HomeMy WebLinkAboutC-7160-1 - License AgreementLICENSE AGREEMENT - TERMS & CONDITIONS
1. AGREEMENT TO PURCHASE. This License Agreement ("Agreement") is
entered into as of July 1, 2017 by TVEyes, Inc., a Connecticut corporation ("Company" or
"we") and the City of Newport Beach, a California municipal corporation and charter city
("Client" or "you"). We hereby agree to sell and you agree to purchase the number of
TVEyes- media monitoring seats as identified on the Schedule of Licenses and Fees
("Licenses") attached hereto and incorporated herein by reference as Exhibit "A." Client
agrees to pay Company the fees and Company agrees to deliver the Licenses as set forth
in this Agreement. Client may purchase additional media monitoring seats from time to
time by executing one or more supplemental Licenses that will reference and be subject
to the terms and conditions of this Agreement.
2. TERM. The term of this Agreement shall commence on July 1, 2017 and
extend until July 1, 2018. Company reserves the right to change the fees associated with
this Agreement at the conclusion of each Term.
3. OWNERSHIP AND COPYRIGHT. Company and its third party providers
shall retain ownership of all rights in and to the Licenses. Client may not copy, license,
sell, resell, transfer, distribute or otherwise exploit any of the foregoing and will use its
best efforts to stop any unauthorized use thereof. The data provided is from proprietary
sources and may be utilized for Client's internal research and analysis purposes only.

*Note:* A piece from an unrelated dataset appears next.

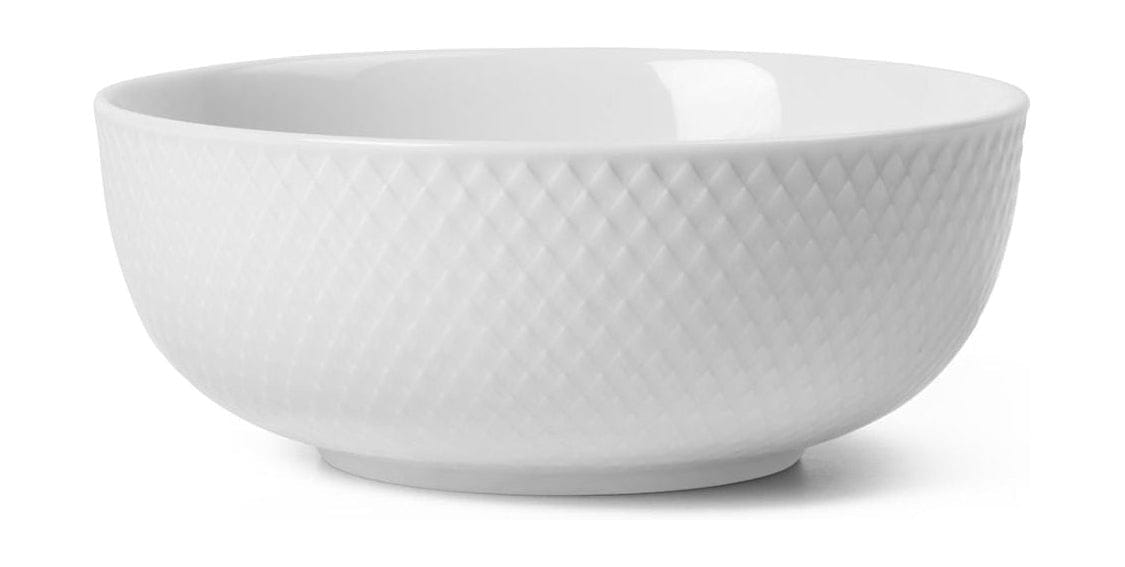 [product_category]-Lyngby Porcelæn Rhombe Bowl ø15,5 Cm, White-Lyngby Porcelæn-5711507012278-201227-LYN-1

4. CONFIDENTIALITY. Company shall not include Client's name in its
promotional material (e.g., client lists).
5. LIMITATION OF LIABILITY. To the fullest extent permitted by law, Company
shall indemnify, defend and hold harmless City, its City Council, boards and commissions,
officers, agents, volunteers, employees and any person or entity owning or otherwise in
legal control of the property upon which Company performs the Project and/or Services
contemplated by this Agreement (collectively, the "Indemnified Parties") from and against
any and all claims (including, without limitation, claims for bodily injury, death or damage
to property), demands, obligations, damages, actions, causes of action, suits, losses,
judgments, fines, penalties, liabilities, costs and expenses (including, without limitation,
attorneys' fees, disbursements and court costs) of every kind and nature whatsoever
(individually, a Claim; collectively, "Claims"), which may arise from or in any manner relate
(directly or indirectly) to any breach of the terms and conditions of this Agreement, any
Work performed or Services provided under this Agreement including, without limitation,
defects in workmanship or materials or Company's presence or activities conducted on
the Project (including the negligent, reckless, and/or willful acts, errors and/or omissions
of Company, its principals, officers, agents, employees, vendors, suppliers, consultants,
subcontractors, anyone employed directly or indirectly by any of them or for whose acts
they may be liable, or any or all of them).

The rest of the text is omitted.